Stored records
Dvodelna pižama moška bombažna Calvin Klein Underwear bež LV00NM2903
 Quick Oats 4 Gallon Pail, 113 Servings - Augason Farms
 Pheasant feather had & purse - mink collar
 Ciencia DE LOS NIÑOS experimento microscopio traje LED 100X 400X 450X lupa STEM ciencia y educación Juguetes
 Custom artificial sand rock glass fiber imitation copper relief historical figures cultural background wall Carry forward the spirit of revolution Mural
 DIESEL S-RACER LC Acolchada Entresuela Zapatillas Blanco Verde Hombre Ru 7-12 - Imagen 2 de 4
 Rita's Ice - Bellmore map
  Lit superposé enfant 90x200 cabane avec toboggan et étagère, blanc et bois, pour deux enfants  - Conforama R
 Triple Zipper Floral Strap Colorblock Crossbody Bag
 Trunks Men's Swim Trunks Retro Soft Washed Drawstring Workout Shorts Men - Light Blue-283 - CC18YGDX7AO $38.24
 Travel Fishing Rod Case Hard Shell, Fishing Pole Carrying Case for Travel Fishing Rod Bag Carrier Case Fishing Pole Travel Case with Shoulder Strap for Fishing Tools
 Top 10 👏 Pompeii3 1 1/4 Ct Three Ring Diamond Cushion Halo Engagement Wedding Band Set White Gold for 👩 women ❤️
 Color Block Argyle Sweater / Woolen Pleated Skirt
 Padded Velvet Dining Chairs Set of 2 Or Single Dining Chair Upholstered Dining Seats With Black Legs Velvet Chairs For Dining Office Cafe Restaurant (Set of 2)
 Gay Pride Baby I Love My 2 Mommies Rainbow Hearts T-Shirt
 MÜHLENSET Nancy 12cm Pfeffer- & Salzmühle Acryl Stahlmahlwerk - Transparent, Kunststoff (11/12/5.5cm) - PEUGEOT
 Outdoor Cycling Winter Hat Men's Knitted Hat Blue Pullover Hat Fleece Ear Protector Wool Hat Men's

→ Problem details: Output, from the data above, the lines from the line with "Triple Zipper Floral" to the line with "Travel Fishing Rod Case" exactly as they stand, both ends included and nothing else.

→ Answer section:
 Triple Zipper Floral Strap Colorblock Crossbody Bag
 Trunks Men's Swim Trunks Retro Soft Washed Drawstring Workout Shorts Men - Light Blue-283 - CC18YGDX7AO $38.24
 Travel Fishing Rod Case Hard Shell, Fishing Pole Carrying Case for Travel Fishing Rod Bag Carrier Case Fishing Pole Travel Case with Shoulder Strap for Fishing Tools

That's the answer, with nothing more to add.